Reciprocal regulation of B cell antigen receptor signaling by CD148 and Csk
- Author(s): Skrzypczynska, Katarzyna Maria;
- Advisor(s): Weiss, Arthur;
- et al.
B cell antigen receptor (BCR) signaling is tightly regulated by the opposing actions of receptor-like protein tyrosine phosphatases (RPTPs) and C-terminal Src kinase (Csk). The RPTPs CD45 and CD148 positively regulate BCR signaling through their actions on Src-family kinases (SFKs) and have redundant functions in conventional (B2) B cell signaling and activation. However, we found that IgM production in response to T cell-independent type 2 antigens, which is mediated in large part by B1 B cells, was deficient in mice lacking CD148. B1 B cells, which normally express high levels of CD148 compared with B2 B cells, were uniquely affected by the loss of CD148, resulting in impaired proliferation, antibody production, BCR repertoire development, and BCR signaling.

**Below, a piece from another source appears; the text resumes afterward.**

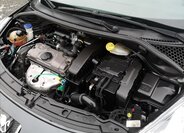 Peugeot 207 Hatchback 1,4 l 54 kw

Analysis of proximal BCR signaling in mice deficient in CD148 or the SFK Lyn revealed that Lyn has a predominantly positive regulatory role in B1 B cell BCR signaling, compared with its dominant negative regulatory role observed in B2 B cells. This suggests that BCR signaling circuitry is wired differently in B1 B cells resulting in a requirement for positive regulation of Lyn by CD148 for full BCR signaling. Using novel tools recently generated in the lab, we also investigated the effects of selective chemical inhibition of Csk in primary mouse follicular B cells. This preliminary work reveals mechanisms for the negative regulation of BCR signaling by Csk independent of BCR engagement.